With this new reality and its ever-changing demands in mind, entrepreneurs, investors and executives give form to their endeavors. They place competitors, suppliers, customers and technologies within this context in order to adapt old business models and designing new ones. However, succeeding in this scenario requires more than that. It involves comprehending that some laws have become obsolete, and that they should not be made the core foundation of a company’s strategy. It includes adjusting to the growing regulation, understanding when to use it to leverage the firm’s strengths and when to take it as just another cost of doing business.

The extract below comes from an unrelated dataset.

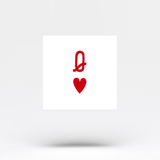 Queen of Hearts Temporary Tattoo (Set of 3)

Conclusion: the unstoppable, relentless and happening revolution

In other words, a music studio that does not adapt its business and keeps relying solely on copyrights to prevail, will fail. A taxi driver who thinks banishing Uber from his city will secure his monopoly, will suffer deeply. A financial intermediary company that neglects the block-chain impact in its business and tries to outlaw its use, will see clients vanishing. And a car parts manufacturer CEO who hopes regulation will prohibit 3D printing competitors from making similar products and spends loads of money and time trying to enact and enforce new laws, will watch his company die quickly.

To sum up, despite bad news on the economic front and challenging regulations in the markets, skillful entrepreneurs and innovators are powerfully driving the unstoppable anythinganywhere production revolution that will help us recover from the money-debt bubble burst (unfortunately, almost inevitable at this point) and create a bright future.